Technically, I couldn't see the lake itself but rather a series of man-made canals that led to the lake. Ringed by mountains and dotted with paddy fields in which buffalos grazed with their soft tinkling bells, it held an incredible peacefulness.
We stayed at the Pristine Lotus, an upmarket resort-style hotel, due partly to our late booking and partly because we knew, with small kids, that we'd be hanging out there more than most guests.
Every day, though, we went out in wooden longboats. The kids loved it, especially 5-year old Maya, who sat up front. Lara took longer to convince and sat with me, my arms firmly around her. There were lifejackets and the boats themselves were very solid. Here are some photos of this beautiful part of Myanmar.

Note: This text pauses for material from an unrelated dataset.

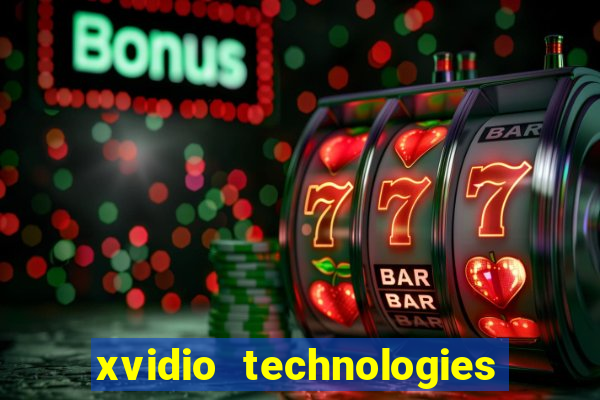 xvidio technologies brasil 2024 os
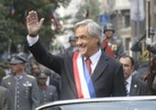 Marcada pela má gestão da pandemia, direita de Piñera sofre derrota esmagadora na eleição de governadores no Chile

Although Inle Lake was beautiful, peaceful and clearly a tourist favourite, it was also a poignant reminder of Myanmar's poverty. People were living, working and washing their clothes here in the wooden stilt houses we marvelled at from our boats. I tried to imagine how it might be if tourists drove around my street in Canberra, snapping photos at me hanging out the washing or walking the dog. Pretty weird.
It also made me feel quite happy about giving an elderly fisherman 1,000 kyats ($US1) when he obligingly posed for us. He has, after all, fished these waters for decades, why not kick back and take advantage of the tourist trade.
Who knows what Inle Lake may be like in 10 years time. Hopefully still as endlessly beautiful though.
Have you been to Myanmar? What was your favourite part?